Anyway I figured out what I did wrong. There’s two types of Ceviche. Peruvian and Mexican. The recipe I found was for Mexican Ceviche which uses lime juice to chemically cook the fish. Real Peruvian style needs lemon juice. However the source that said that also said only Peruvian lemons have enough acid to cook the fish.
This sounds like a sales ad for Peruvian lemons to me.
Is there any difference between Florida lemons and ones from Peru? Is Florida lemon juice okay for chemically cooking white fish?
I’m a broke college student here so I can’t be importing lemons from all over the world. She graduated last month and I wanna make her some (safe) Ceviche for a graduation present. She’s been a very good friend to me, and you should be careful not to give your good friends the trots.
Edit: in the title it should read ‘propaganda’ not ‘proganda’:smack:
Do you have reason to be suspicious of your source? It seems reasonable for me to believe that fruits grown different places will vary in taste and composition.
To sort of answer your question, the limes I had in Mexico always seem stronger than the ones I get here in the states. If you’re worried, you could always “cook” the fish in lime juice first, and then serve it with lemon wedges to squeeze over to get more of that flavor.
Being a food science buff I started looking into some of my references and online. From what I can tell the Peruvian lemon is a different variety/species of fruit which seems to have a different taste, acid levels aside. It is possible that this taste may not be the same no matter what type of US lemon you use - but it’s also possible that it may be so close as to be the same. I seem to be finding a lot of pro-Peruvian lemon propaganda, but nothing in the way of scientific or blind testing.
If your friend said that it was good but close with lime juice, I’ll bet any lemon juice may be close enough as makes no difference.
I’ll also note I found a lot of blog and recipe-related posts out there where people were arguing over whether or not a Peruvian lemon was really a variety of lime. I cannot find a taxonomic listing to see how close it may be…
The stuff I’ve come up with about Peruvian lemons makes them sounds and looks suspiciously like the fruit we called “citron” in Cameroon (not to be mixed up with English “citrons”, which are an entirely different fruit.) They are small, round, usually green and pretty juicy. The taste is more to the lime side than the lemon side, but isn’t quite a lime. It’s also got a bit of a bitter element to it. I could never make good lemonade out of the damned things.

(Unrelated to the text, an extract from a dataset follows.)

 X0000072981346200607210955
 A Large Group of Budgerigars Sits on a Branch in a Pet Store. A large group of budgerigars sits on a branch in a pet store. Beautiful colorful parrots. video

If they are the same thing, then they are found on two continents and chances are you can find them somewhere stateside as well. Check your local Latin and Asian supermarkets and see if you see any funky looking citrus.
And not to knock Puru on it’s obvious but kind of weird lemon pride, but if these are the same things they were almost certainly chosen for the ability to grow in crappy soil.
I wonder if one could duplicate the taste by using lime juice (or a mixture of lime and lemon) with a bit of the white citrus pith from the peel added in? That white stuff can be very bitter, and might provide that note, if that’s what’s lacking.
I’ve spent a silly amount of time doing research, and all I’ve learned is that citrus taxonomy is pretty ridiculously complicated. I haven’t been able to come up with the species name of the Peruvian"lemon" nor my West African “citron.”
In fact, I’m beginning to suspect they are all just Mexican limes. Compare the google images of Purvian lemons to those of Mexican limes. The look pretty much the same, yeah? Were use using regular or Mexican (Key) limes in this?
Although this outfit seems to be trading “green lemons” from Senegal. They wouldn’t call them that if they were actually limes, would they?
Peruvian here. Peruvian-style (yes, there is such a thing) ceviche is made with corvina (white sea bass), and the cilantro-ginger-lime-onion mix is usually blended smooth and then poured over the fish for the best flavor. In Peru we call this a limón, which is the word for lemon. To us, a limón is green. We call those yellow things limas (limes).
The closest thing to a Peruvian lime, which I use when making my ceviche here, as your huge limes are tasteless, are these, key limes.
I had to add, this is what we think of ceviche with limes!
Give me a break. That was an aside, presumably intended to be humorous. The question is whether or not there are Peruvian lemons that have significantly different taste and/or acidity.